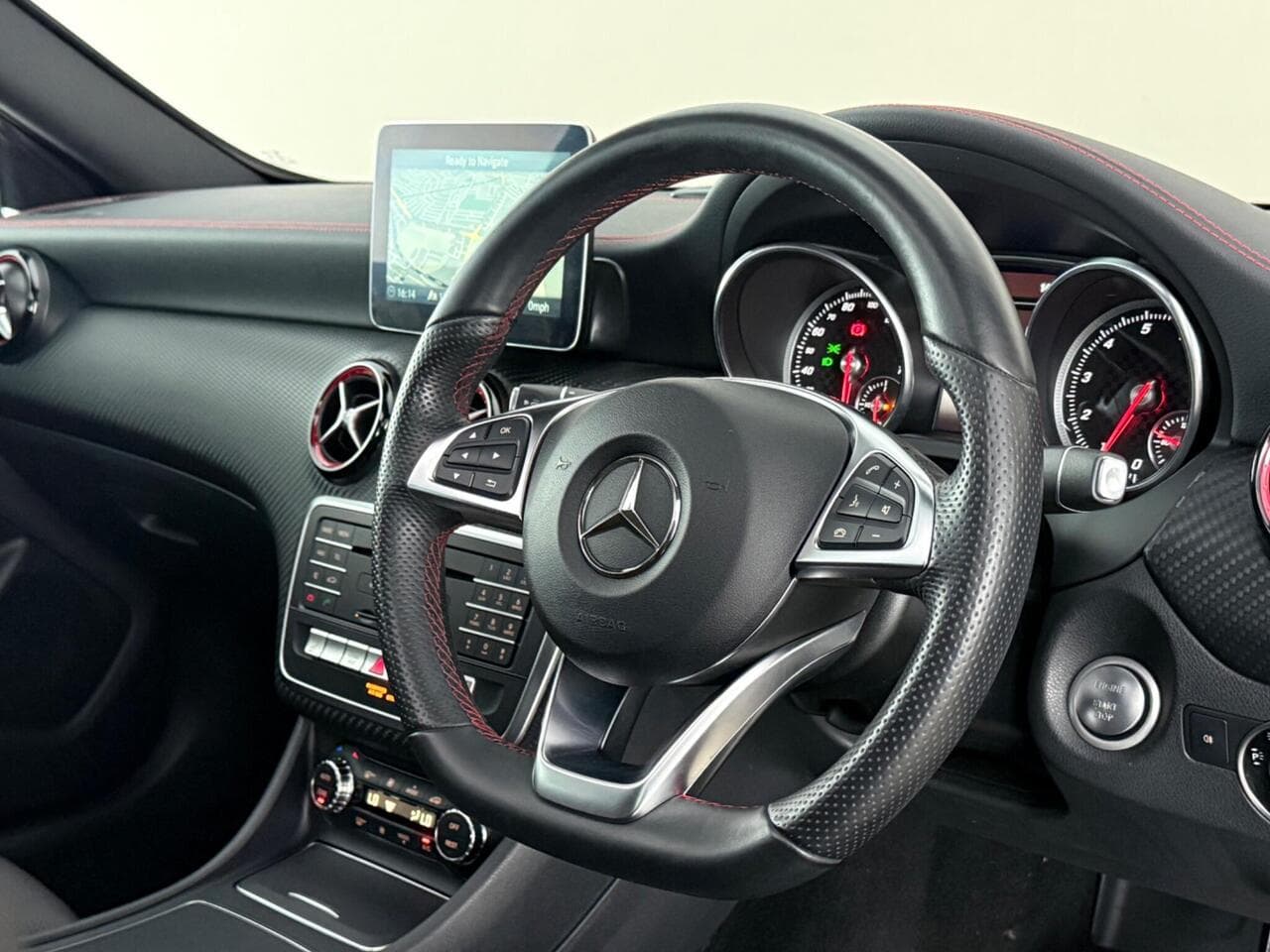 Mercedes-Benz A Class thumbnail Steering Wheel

####################

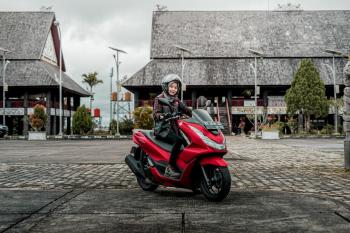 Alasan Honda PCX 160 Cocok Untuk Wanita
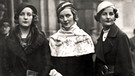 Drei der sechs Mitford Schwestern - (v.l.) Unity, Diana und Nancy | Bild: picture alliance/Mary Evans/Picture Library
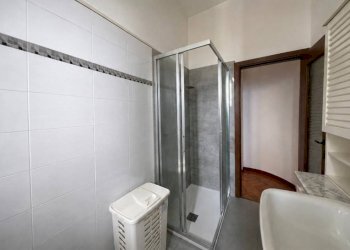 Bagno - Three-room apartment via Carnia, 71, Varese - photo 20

####################

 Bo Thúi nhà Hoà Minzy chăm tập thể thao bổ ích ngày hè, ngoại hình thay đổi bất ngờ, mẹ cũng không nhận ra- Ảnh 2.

####################

=== WHAT NEEDS TO BE DONE ===
In the listing above, find the line with "Drei der sechs" and the line with "Bagno - Three-room". Copy exactly those two and every line between, without the pictures.

=== COMPLETED TASK ===
 Drei der sechs Mitford Schwestern - (v.l.) Unity, Diana und Nancy | Bild: picture alliance/Mary Evans/Picture Library
 Bagno - Three-room apartment via Carnia, 71, Varese - photo 20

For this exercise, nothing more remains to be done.